#10: Sundance 2010

This blog from Pip has me think about all the times I have the opportunity to turn a seemingly negative circumstance into a positive...and perhaps even grow internally from it. As a sensitive person and "a feeler", I can relate to this piece on many fronts. Maybe next time I feel upset when my roommates say no to trying my funky green smoothies I whip up from time to time, I can INSTEAD think how often these wonderful people I live with remind me that my conscientious meals actually inspire them to live healthier themselves. That notion in itself holds enough joy for me! Thanks Pip.


- Amanda

SUNDANCE 2010

I think I am finding that hearing “no” provides me an incredible moment to advance  relationships.

This is a story with a happy ending…

I remember vividly in May of 2010 getting off the interstate on to a back road just about 20 minutes away from the tiny mountain oasis of Sundance, Utah where we were just about to host our second annual gathering of 30 dear friends to be offline for three days to work on our craft as investors.  

I LOVE Sundance. 

I looked forward to this time and space with friends ALL YEAR LONG.  I couldn’t wait to see each and every person.

 And as I was driving I checked my voice mail.  

I learned of two last minute cancels from amazing people.

I was so so so bummed out.

It was like hearing that dear friends at then last minute wouldn’t make it to a wedding.

I put on a brave face as best I could during the next couple hours of recovery… but I was bummed out!

I only confided my disappointment to Kelly back home.

I have been told that youngest children are often most susceptible to creating specific visions and the resultant temporary heartbreak that comes when real life doesn’t accommodate.    Or maybe all seven billion of us are susceptible.  I don’t know.  I do know that there have been times when I am on the other side of this situation that I have been reluctant to say “no” to others and an  invitation I received by email can sit awaiting my reply for longer than is helpful. 

Five or six years ago, I found I would “brace” for last minute cancels prior to different gatherings.  A survival mechanism of sorts.
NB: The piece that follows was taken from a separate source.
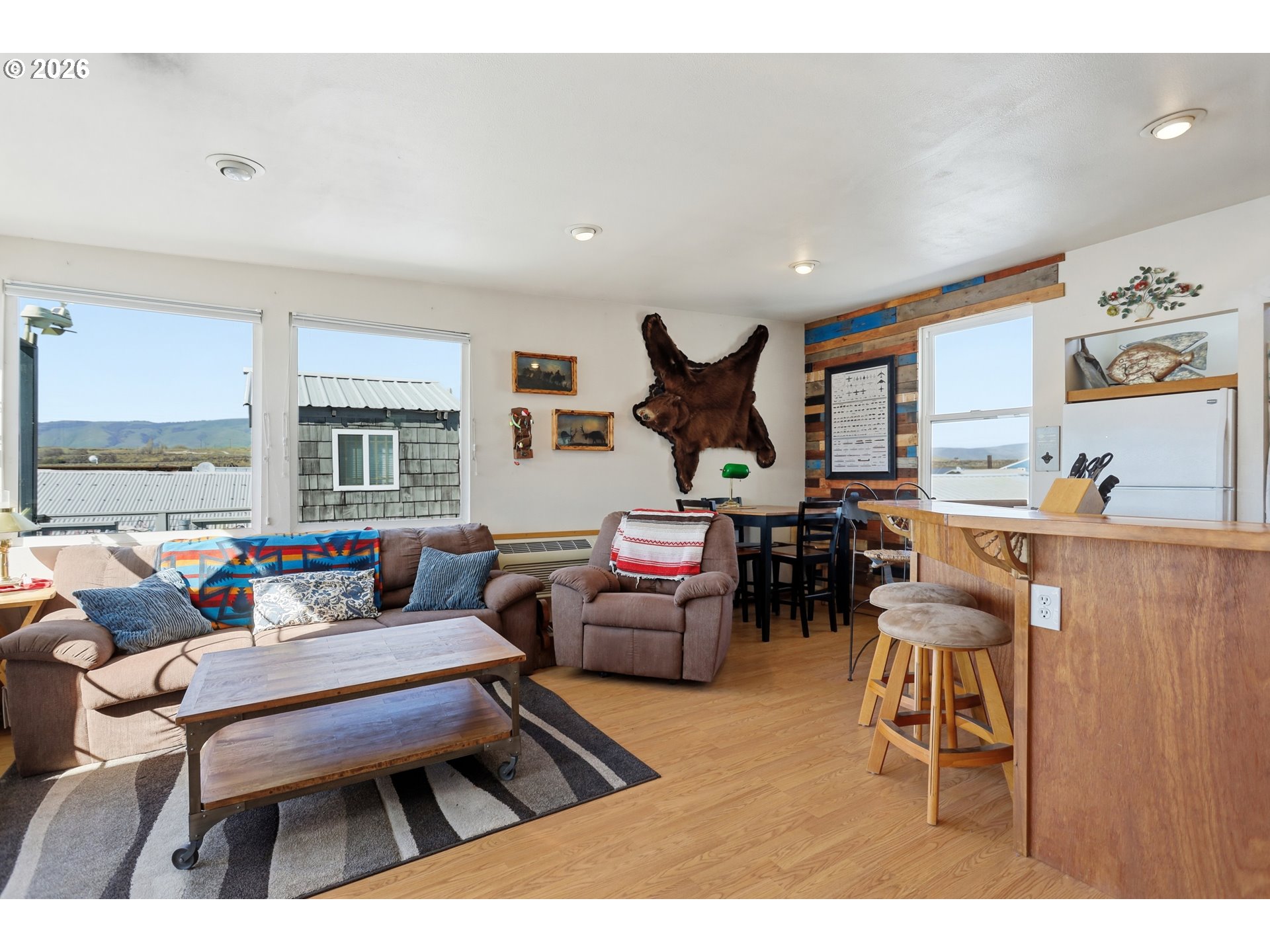 101 North Boat Basin Road, Unit C3 The Dalles, OR 97058 - Photo 12 of 44 a living room with furniture and a large window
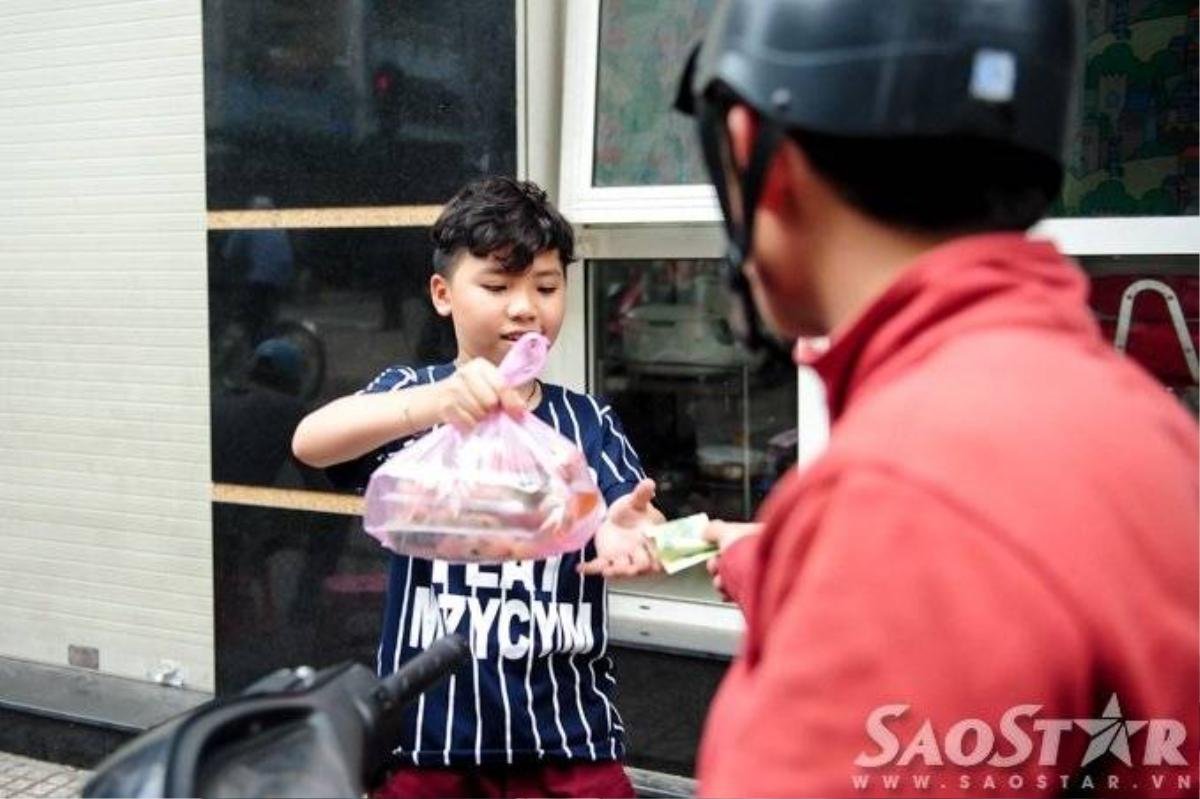 Cậu nhóc vui vẻ bán bánh cho khách trong khi mẹ mình tất bật chiết nước chấm vào túi ni lông nhằm kịp giờ giao số hàng đặt.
I loved bringing people together in community and “cancels” and “no’s” came with the territory.

Along the way, a friend once said that they didn’t want to tell me “it doesn’t work" because they didn’t want to hurt my feelings.

How thoughtful of them.

But…   I wanted to work to create a much better space for “it doesn’t work.”  I wanted people to be fully supported to say “no” easily around me.

I started a new “discipline”.     For me a “discipline” is a method for overcoming a habit or reaction that I don’t think is in my best interest. 

The discipline I picked was to consider that the moments when people told me “no” or “I have to cancel” or “it doesn’t work” were THE BEST POSSIBLE moments for me to build trust and advance relationships.   My thinking was this:  If that person KNEW I was  a HUGE FAN of theirs regardless of a mere “no” they might more richly experience my interest in them was  not conditional.  If it was so obvious how I cherished them when they told me “bad news” we would grow closer.   I would give up my attachment to the content of the moment for something way way bigger.  With that context, this discipline proved pretty easy on my part.

 Of course I LOVE when it works for people to join in.   But far more significantly, my interest in others is not conditioned or restrained by that. 

So I started getting GREAT at responding to “no’s” and “cancels” and “it doesn’t work”.  I would take time to respond to their “no’s” with great energy and deep empathy that took the attention quickly away from any reactionary disappointment.  I would offer that “life is long” and there would be much more ahead.  Much more to come. These were truths for me.

In this space of “no” I found that so much possibility existed.  A “no” even became a fully exciting opportunity!  

…And a funny thing happened in short order.

 The prior disappointment vanished as my instincts grew to take care of others and advance our relationship.

 …Pip

Pip Coburn    pcoburn@coburnventures.com

More than anything I suspect I am driven by “community”. Across the past 15 years, I have grown to realize that most any success or fortune I have had in the work I do I have re-invested back into my activities such that I spend more and more of my life with people I adore and admire and just loving being around and working on a whole bunch of things that I am incredibly excited about. I like to study monumental change at the levels of society, marketplaces, organizations and most significantly… people. I like to study culture deeply. I like to attempt to create culture. I like processes and helping others advances their processes and being trusted deeply. My wife Kelly is both supportive and probably confused by what I do for a living which makes two of us. My greatest joy in my work is when I have the chance to draw from two decades of intense work in order to perhaps help someone have a break through.